The factory just told me they use a pushfit connector similar to the second photo, one end mounted to the frame I think and the connector is just pushed in. Sounds OK and not shabby at all to me. I got the impression it was difficult or something perhaps a couple of spade connectors (like Fracino use on the heavenly). Very similar to the connector used on the Lelit Bianca for it's low water detection circuit, allowing the tank to be unplugged and repositioned on the machine.

Of course I still prefer my capacitive sensor... 

*
@igm45 you do have felt pads on the feet don't you to make sliding around a lot easier?
*

for some reason I can't unbold the above


----------



## igm45 (Mar 5, 2017)

DavecUK said:


> The factory just told me they use a pushfit connector similar to the second photo, one end mounted to the frame I think and the connector is just pushed in. Sounds OK and not shabby at all to me. I got the impression it was difficult or something perhaps a couple of spade connectors (like Fracino use on the heavenly). Very similar to the connector used on the Lelit Bianca for it's low water detection circuit, allowing the tank to be unplugged and repositioned on the machine.
> Of course I still prefer my capacitive sensor...


Hmmm...

Here is mine:









Sent from my LG-H930 using Tapatalk


----------



## Jony (Sep 8, 2017)

Same as mine. If I really wanted to I could change and solder up some of my Castle Creations connectors, but I can't be arsed,haha With some decent Gauge wire I have.


----------



## igm45 (Mar 5, 2017)

Don't get me wrong it's not a massive problem just a bit fiddler than I'd like being positioned at the back of the machine.

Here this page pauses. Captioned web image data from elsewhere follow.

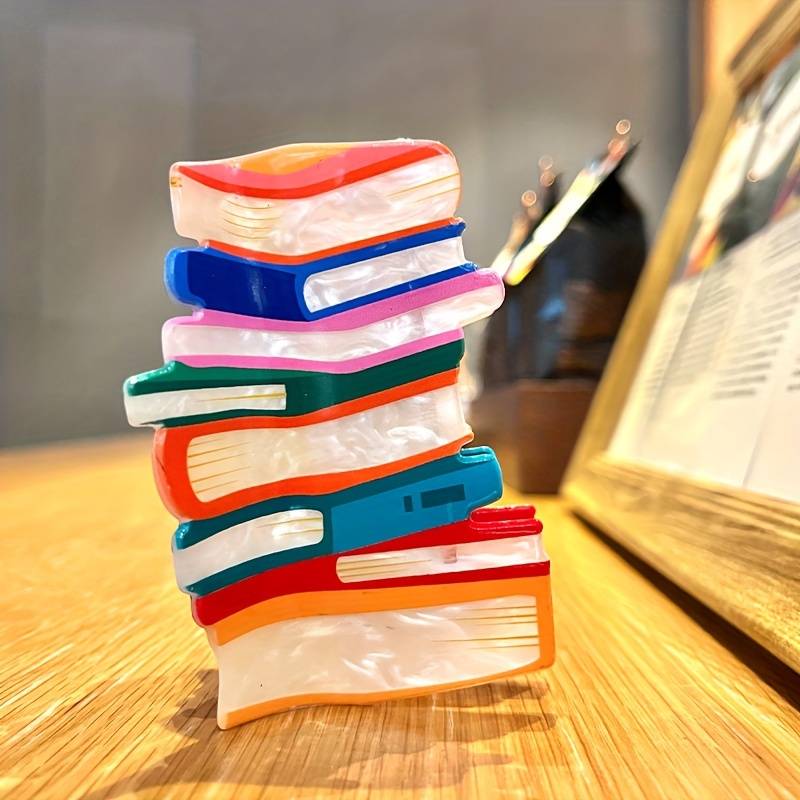 Stack of Books Acrylic Hair Claw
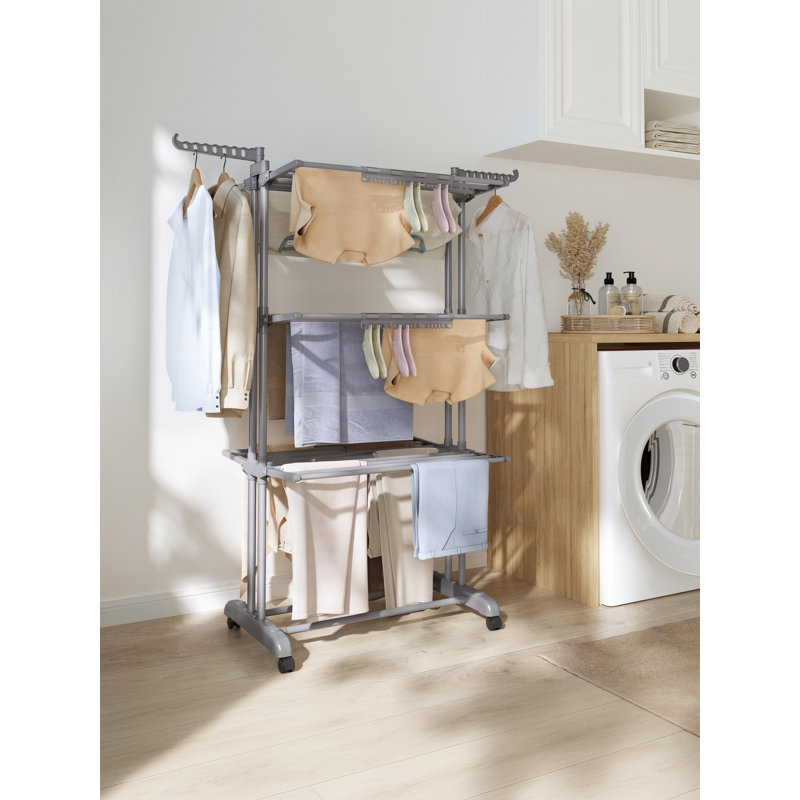 Steel Foldable Freestanding Drying Rack, Grey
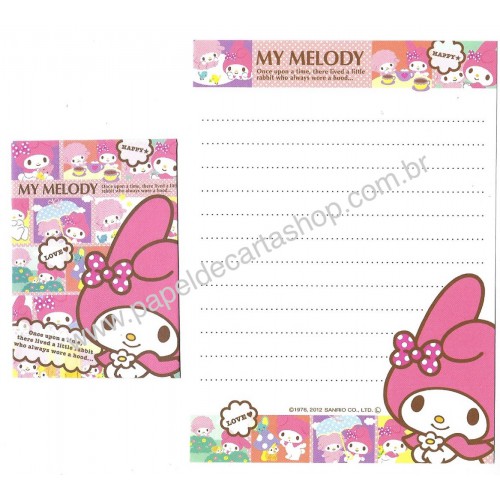Ano 2012. Kit 2 Conjuntos de Mini-Papel de Carta My Melody Once Upon a Time Sanrio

Sent from my LG-H930 using Tapatalk


----------



## DavecUK (Aug 6, 2013)

igm45 said:


> Don't get me wrong it's not a massive problem just a bit fiddler than I'd like being positioned at the back of the machine.
> 
> Sent from my LG-H930 using Tapatalk


 Felt pads.

Actually I like my connector type better. I would soon flipping solder something different on it if I had that. I would probably go for the magnet type.


----------



## Jony (Sep 8, 2017)

DavecUK said:


> Felt pads


 On your jumpers maybe.


----------



## DavecUK (Aug 6, 2013)

Jony said:


> On your jumpers maybe.


 You young whipper snapper....


----------



## Jony (Sep 8, 2017)

HAHA


----------